§ Problem: Reproduce every line below exactly as written; do not include the images.

§ Data shown:
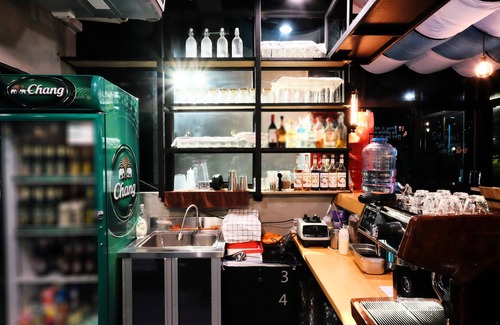 Lak Si Hostel | A new hostel near to Don Muang Airport tucked away in a local Thai neighborhood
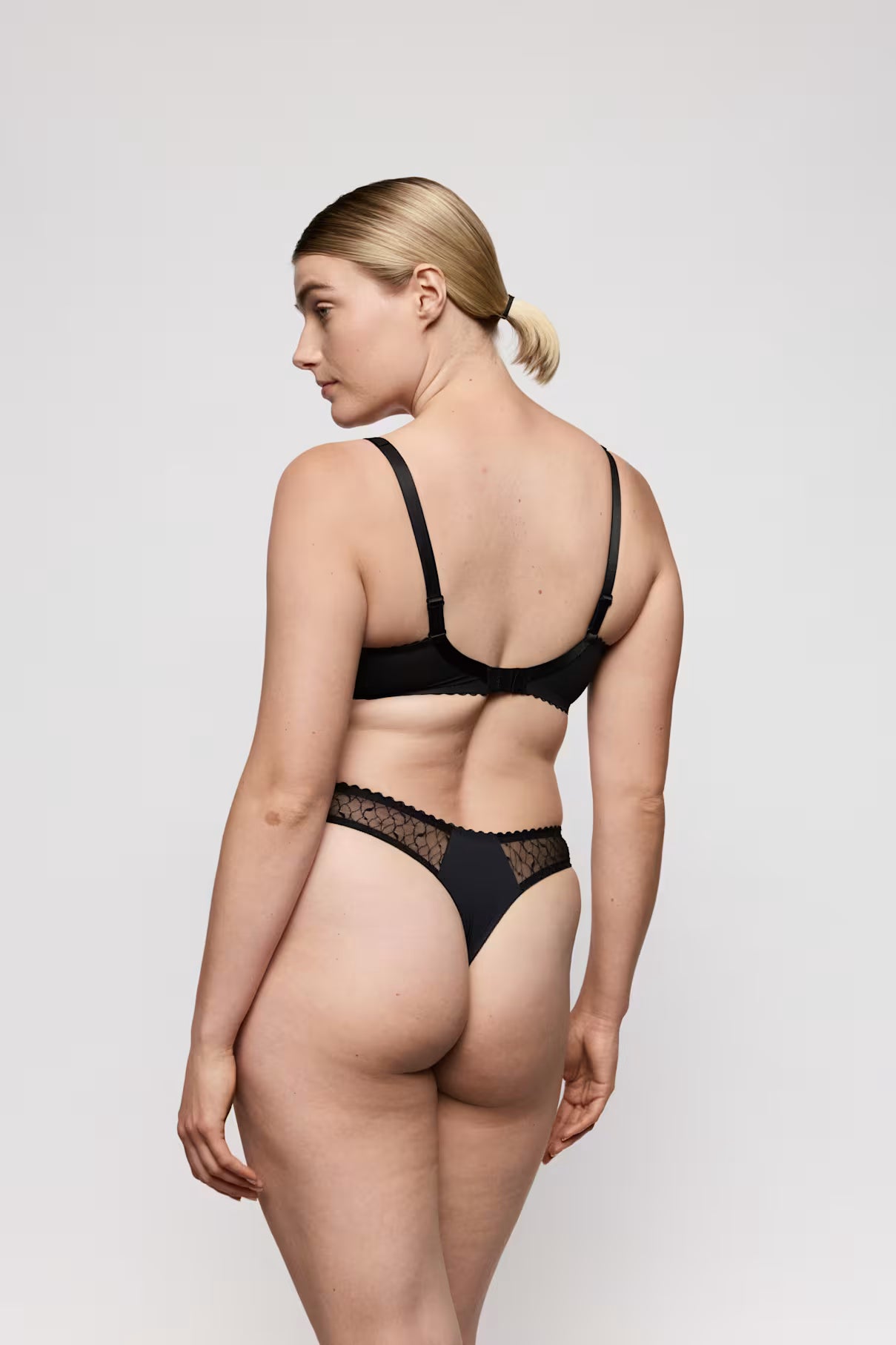 Naica Thong in Black - Prima Donna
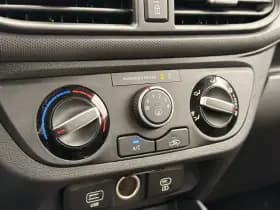 Hyundai I10 1.0 Comfort | Carplay | Camera | Cruise Control thumbnail 16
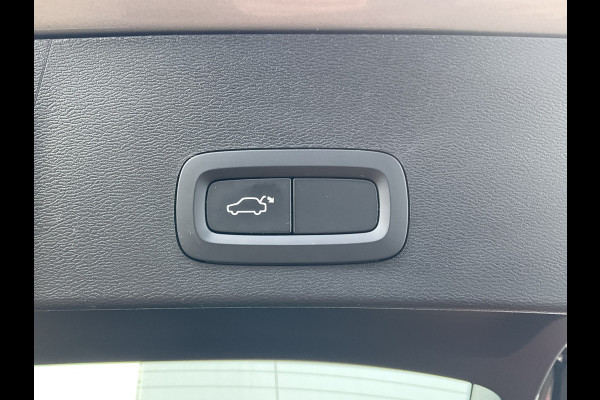 Volvo XC40 1.5 T5 262pk PHEV Twin Engine Inscription Leer Stoel/Stuurverw Carplay Led Voll.Onderhouden!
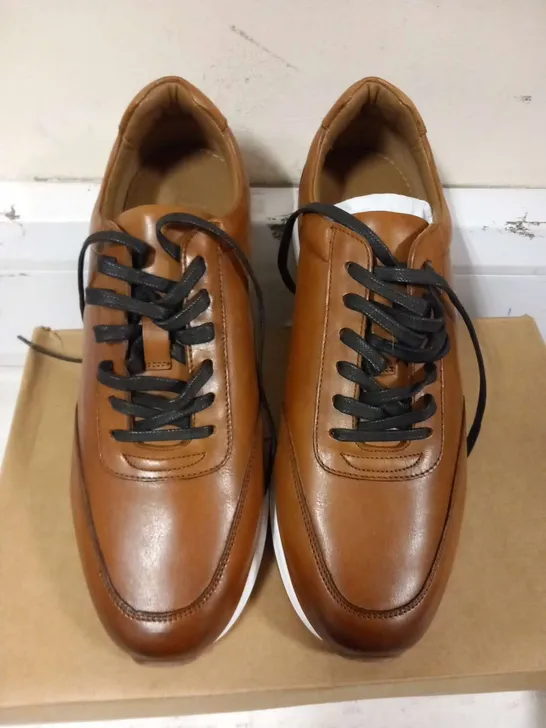 BOXED JONES BOOTMAKERS SOUTHEND 2 TAN SIZE 10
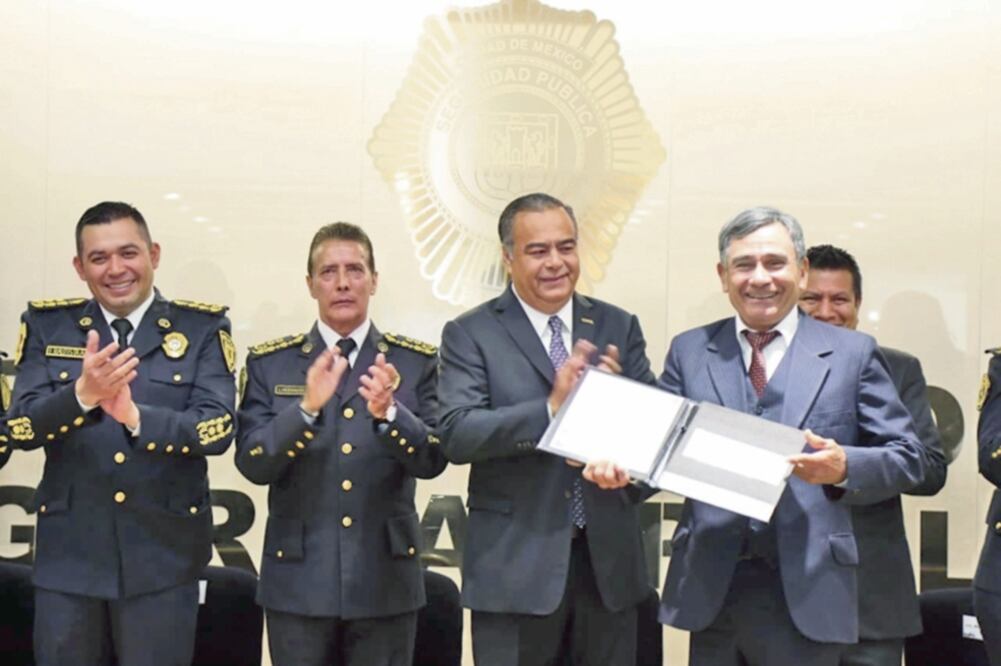 El secretario de Seguridad Pública, Raymundo Collins, agradeció su dedicación a un superintendente, dos primeros inspectores, tres segundos inspectores, cinco segundos subinspectores, 12 primeros oficiales y 132 policías segundos. Foto: SSPCDMX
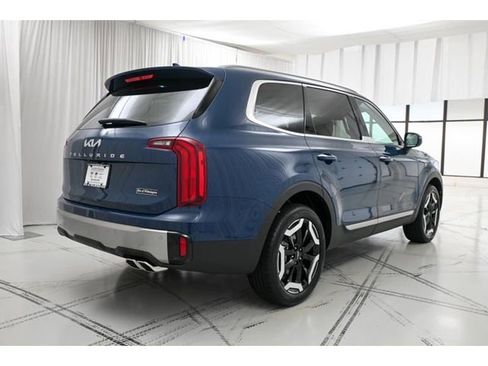 New 2025 Kia Telluride S image 7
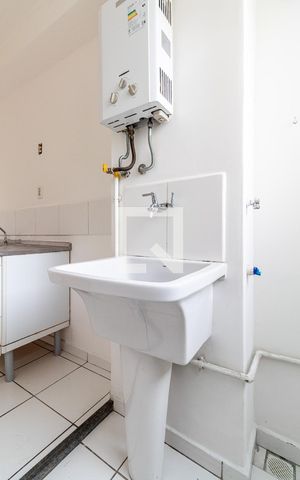 Apartamento para alugar com 55m², 2 quartos e 1 vaga Apartamento para alugar com 55m², 2 quartos e 1 vagaÁrea de Serviço
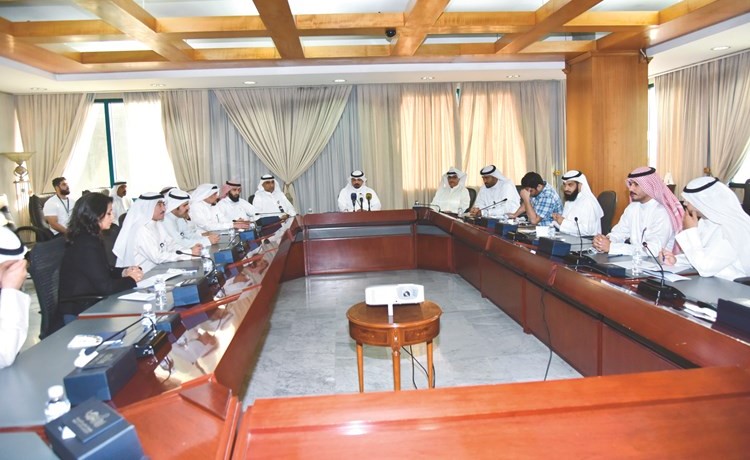 مدير عام مؤسسة الموانئ الشيخ يوسف العبدالله متحدثا خلال المؤتمر الصحافي(محمد هنداوي) ﻿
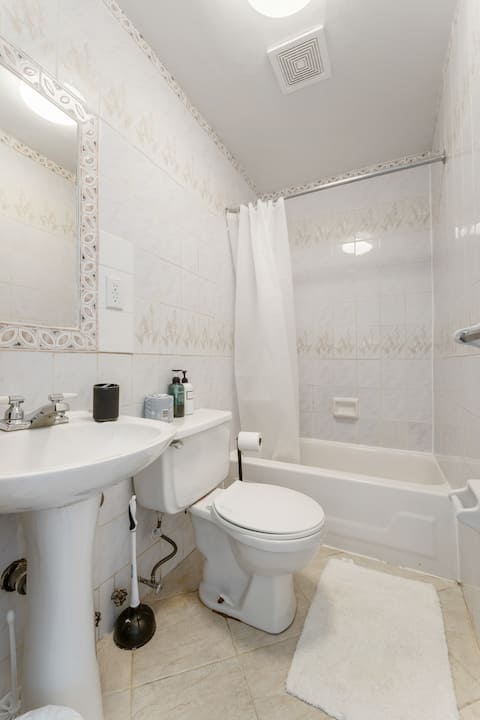 Successful Airbnb property: Bay Ridge Hideaway: Studio w/ Verrazano View in Bay Ridge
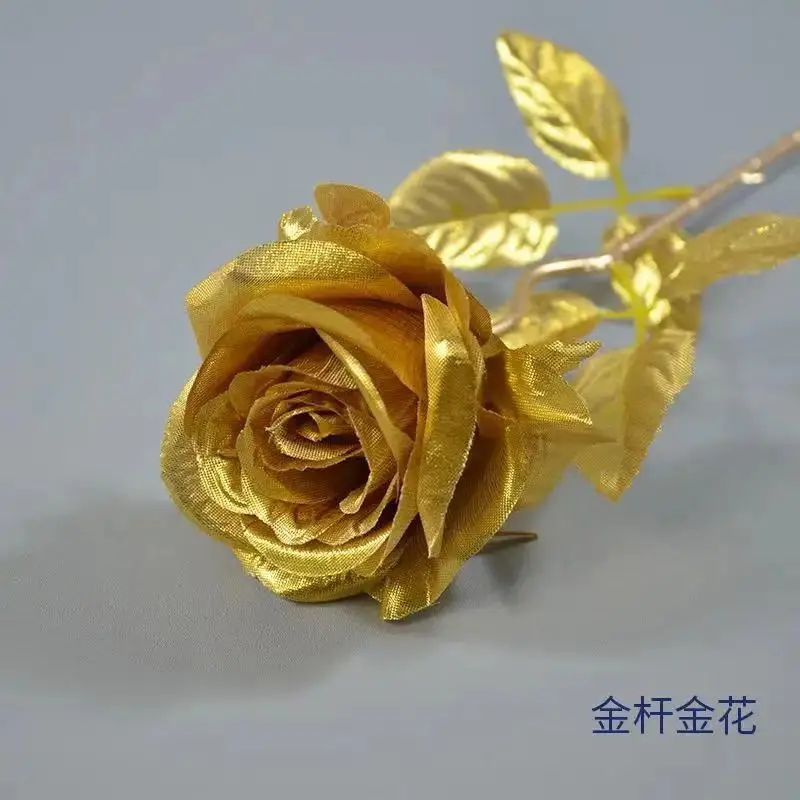 

Золотая шелковая роза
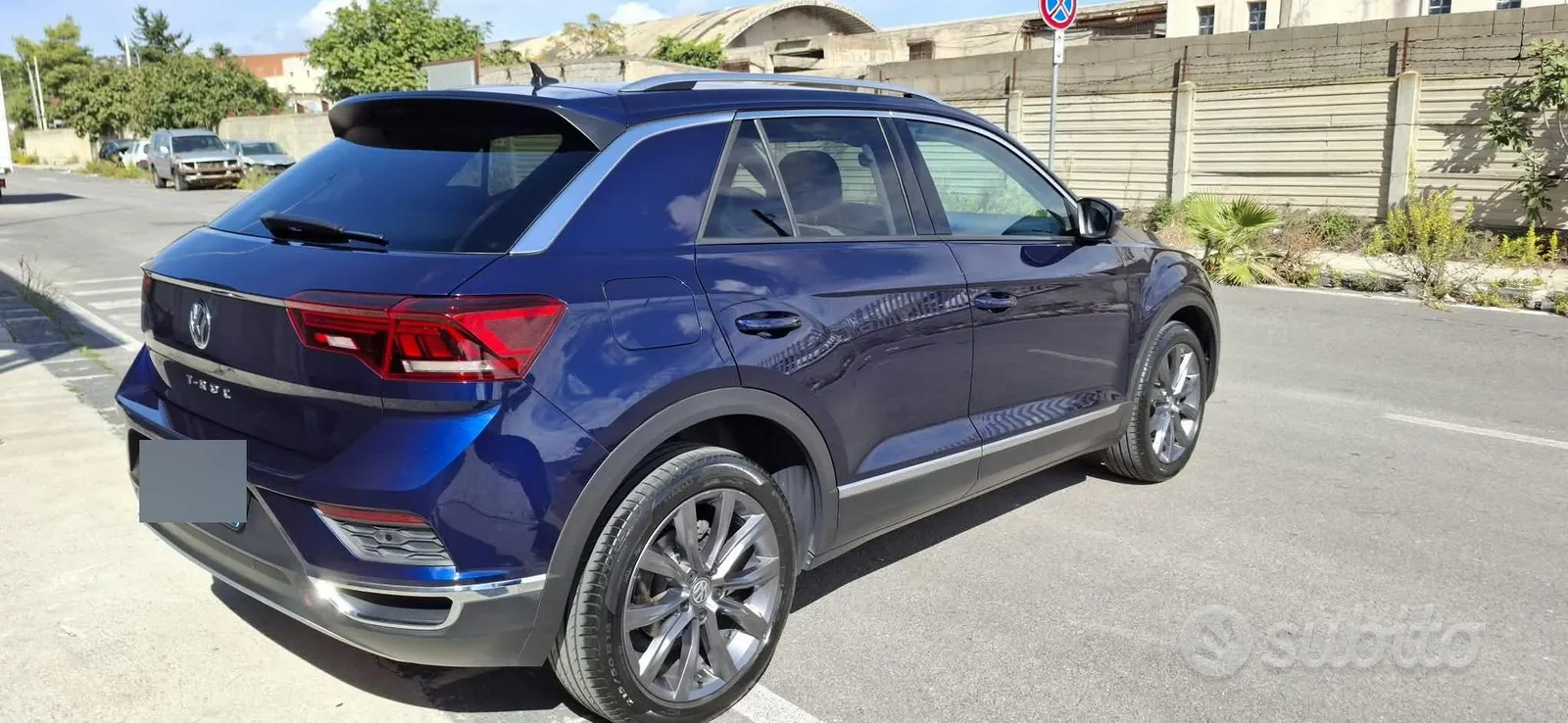 Volkswagen T-Roc 2019 photo 2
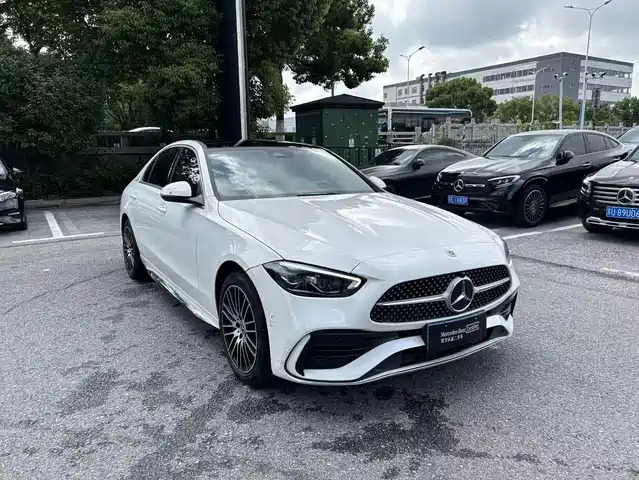 Mercedes-Benz C-Class 2022 C 260 L Sport Edition — фото 3
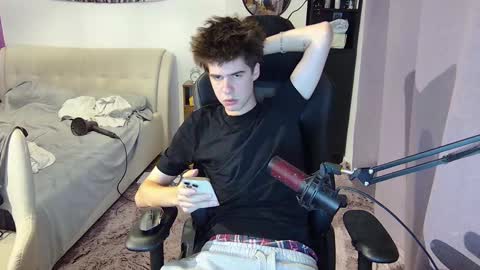 Snapshot of vinnie_06 chatting on 09.11.25 vinnie online show from 09.11.25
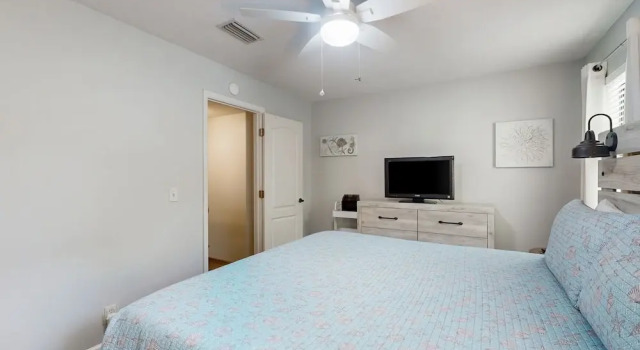Inviting Condo With an Outdoor Pool, Washer/dryer, & AC - Near the Beach, จอง โรงแรม St Simons Island จอร์เจีย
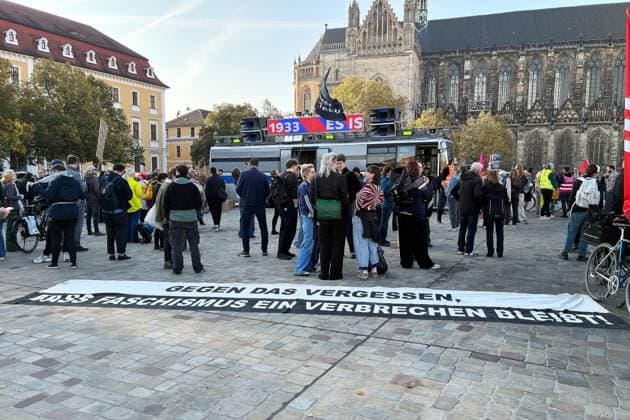 Magdeburg, Sachsen-Anhalt, Deutschland, 06.10.2026: Konstituierende Sitzung des Landtags: Auf dem Domplatz stehen Demonstranten, die gegen die AfD protestieren wollen. Copyright: xdtsxNachrichtenagenturx dts_137205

§ The completed task:
 Lak Si Hostel | A new hostel near to Don Muang Airport tucked away in a local Thai neighborhood
 Naica Thong in Black - Prima Donna
 Hyundai I10 1.0 Comfort | Carplay | Camera | Cruise Control thumbnail 16
 Volvo XC40 1.5 T5 262pk PHEV Twin Engine Inscription Leer Stoel/Stuurverw Carplay Led Voll.Onderhouden!
 BOXED JONES BOOTMAKERS SOUTHEND 2 TAN SIZE 10
 El secretario de Seguridad Pública, Raymundo Collins, agradeció su dedicación a un superintendente, dos primeros inspectores, tres segundos inspectores, cinco segundos subinspectores, 12 primeros oficiales y 132 policías segundos. Foto: SSPCDMX
 New 2025 Kia Telluride S image 7
 Apartamento para alugar com 55m², 2 quartos e 1 vaga Apartamento para alugar com 55m², 2 quartos e 1 vagaÁrea de Serviço
 مدير عام مؤسسة الموانئ الشيخ يوسف العبدالله متحدثا خلال المؤتمر الصحافي(محمد هنداوي) ﻿
 Successful Airbnb property: Bay Ridge Hideaway: Studio w/ Verrazano View in Bay Ridge

Золотая шелковая роза
 Volkswagen T-Roc 2019 photo 2
 Mercedes-Benz C-Class 2022 C 260 L Sport Edition — фото 3
 Snapshot of vinnie_06 chatting on 09.11.25 vinnie online show from 09.11.25
Inviting Condo With an Outdoor Pool, Washer/dryer, & AC - Near the Beach, จอง โรงแรม St Simons Island จอร์เจีย
 Magdeburg, Sachsen-Anhalt, Deutschland, 06.10.2026: Konstituierende Sitzung des Landtags: Auf dem Domplatz stehen Demonstranten, die gegen die AfD protestieren wollen. Copyright: xdtsxNachrichtenagenturx dts_137205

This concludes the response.